Further considerations regarding rekeying in case the SRTP security context is established with DTLS can be found in Section 3.7 of [RFC5764].
6.9. Conference Servers and Shared Encryptions Contexts
It has been proposed that conference servers might use the same encryption context for all of the participants in a conference. The advantage of this approach is that the conference server only needs to encrypt the output for all speakers instead of once per participant.
This shared encryption context approach is not possible under this specification because each DTLS handshake establishes fresh keys that are not completely under the control of either side. However, it is argued that the effort to encrypt each RTP packet is small compared to the other tasks performed by the conference server such as the codec processing.

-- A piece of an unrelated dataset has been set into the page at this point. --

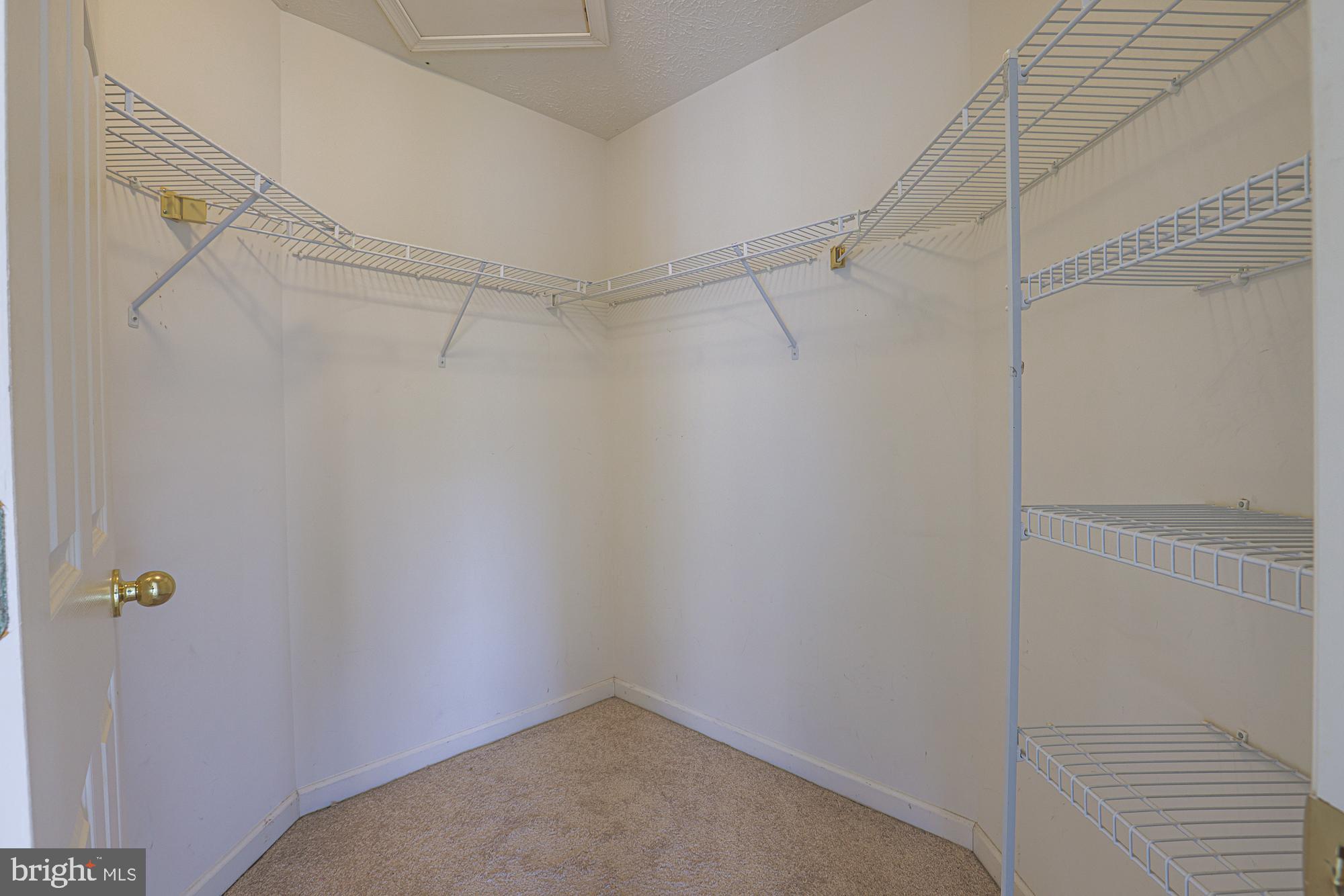 VILLAGE OF MILL RUN - Residential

Future extensions, such as [SRTP-EKT] or [KEY-TRANSPORT], could be used to provide this functionality in concert with the mechanisms described in this specification.
6.10. Media over SRTP
Because DTLS's data transfer protocol is generic, it is less highly optimized for use with RTP than is SRTP [RFC3711], which has been specifically tuned for that purpose. DTLS-SRTP [RFC5764] has been defined to provide for the negotiation of SRTP transport using a DTLS connection, thus allowing the performance benefits of SRTP with the easy key management of DTLS. The ability to reuse existing SRTP software and hardware implementations may in some environments provide another important motivation for using DTLS-SRTP instead of RTP over DTLS. Implementations of this specification MUST support DTLS-SRTP [RFC5764].
6.11. Best Effort Encryption
[RFC5479] describes a requirement for best-effort encryption where SRTP is used and where both endpoints support it and key negotiation succeeds, otherwise RTP is used.
[MMUSIC-SDP] describes a mechanism that can signal both RTP and SRTP as an alternative. This allows an offerer to express a preference for SRTP, but RTP is the default and will be understood by endpoints that do not understand SRTP or this key exchange mechanism. Implementations of this document MUST support [MMUSIC-SDP].